Chisholm Campground is located next to the scenic Hyalite Reservoir in the Bozeman Ranger District of the Gallatin National Forest, 18 miles south of Bozeman, and provides access to various boating, canoeing, fishing, hiking, and climbing pursuits.
Lower Hyalite Group is located in scenic Hyalite Canyon in the Bozeman Ranger District of the Gallatin National Forest. It is just nine miles south of Bozeman, and it offers many outdoor recreational opportunities, particularly fishing, hiking, and climbing.
All campground fees are around $20.00 per night
If you follow the Mystic Lake Trail eastwards instead of going down to the lake, you’ll find Mystic Lake Cabin within 5 miles or so of the previously mentioned campgrounds. It’s equipped with bunk beds and mattresses and sleeps up to four people.

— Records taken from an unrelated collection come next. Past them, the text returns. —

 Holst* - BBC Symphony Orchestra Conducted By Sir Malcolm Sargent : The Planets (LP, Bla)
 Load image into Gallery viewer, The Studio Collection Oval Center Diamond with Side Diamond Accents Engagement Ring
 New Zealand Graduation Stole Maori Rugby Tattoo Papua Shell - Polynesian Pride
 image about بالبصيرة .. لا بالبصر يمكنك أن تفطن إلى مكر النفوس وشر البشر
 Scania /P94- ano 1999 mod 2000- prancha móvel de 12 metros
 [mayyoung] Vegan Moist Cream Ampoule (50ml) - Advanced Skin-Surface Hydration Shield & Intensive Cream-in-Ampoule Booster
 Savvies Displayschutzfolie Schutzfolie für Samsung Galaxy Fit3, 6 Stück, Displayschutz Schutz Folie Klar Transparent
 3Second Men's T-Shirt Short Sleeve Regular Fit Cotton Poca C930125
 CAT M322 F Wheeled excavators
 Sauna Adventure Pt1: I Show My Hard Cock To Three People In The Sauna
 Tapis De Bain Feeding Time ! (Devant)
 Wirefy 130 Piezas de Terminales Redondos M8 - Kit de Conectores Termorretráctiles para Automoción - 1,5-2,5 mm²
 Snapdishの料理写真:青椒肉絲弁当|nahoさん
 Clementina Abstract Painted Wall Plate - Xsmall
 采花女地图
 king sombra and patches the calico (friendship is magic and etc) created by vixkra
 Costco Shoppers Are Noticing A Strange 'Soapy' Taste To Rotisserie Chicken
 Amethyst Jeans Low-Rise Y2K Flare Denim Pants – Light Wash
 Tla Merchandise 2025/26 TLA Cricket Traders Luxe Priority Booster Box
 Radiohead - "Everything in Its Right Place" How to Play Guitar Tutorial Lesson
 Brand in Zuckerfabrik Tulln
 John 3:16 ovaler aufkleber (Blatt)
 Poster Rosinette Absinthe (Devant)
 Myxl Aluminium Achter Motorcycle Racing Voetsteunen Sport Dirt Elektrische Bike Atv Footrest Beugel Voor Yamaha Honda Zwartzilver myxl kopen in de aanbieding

Basic cooking and eating amenities exist, but no electricity or water. The cabin will suit anyone not wishing to camp out in a tent. Reservations need to be made beforehand.
Hiking Trails at Mystic Lake
The Absaroka-Beartooth Wilderness encompasses most of the trail and surrounding area of the lake. This means views, scenery, and landscapes.
The Mystic Lake trail is fairly easy to get to, which means medium traffic. The trail starts out at the parking area along Bear Canyon Road.
This is a 3.5-mile hike along which you might just come across a mountain goat, a deer – maybe a bear. Once you reach the lake you can continue eastwards towards Island Lake and Silver Lake, or you might head down towards the lake and take a well-deserved break at the largest sandy beach in the entire region.
If you have the energy to spare you may decide to hike another couple of miles around the lake — or even set up camp. The trail is best used from May until October, and dogs are allowed on a leash.
The Mystic Lake Trailhead also gives access to the West Rosebud Trail, which is one of two trails that leads up to the highest peak in Montana, Granite Peak. West Rosebud Lake is another excellent spot for fishing, and the best time for this hike is in summer, between July and September.
This is a 5.7 mile-long trail ideal for day trips, complete with some impressive views of Mystic Lake. This is one of two popular routes providing access to the highest peak in Montana — Granite Peak.
The Absaroka-Beartooth Wilderness boundary is close to the border of Mystic Lake. Visitors should be aware of where the boundary is and what is expected of them before entering the wilderness. The distance to the dam at the east end of the lake is just 3 miles from this spot, and you can reach the bridge at Huckleberry Creek in less than 6 miles.
Beyond Huckleberry Creek, you can get across a log jam and carry on into Island and Silver Lakes. Look out for the log jam being slippery there, and don’t expect too much along the lines of a maintained trail.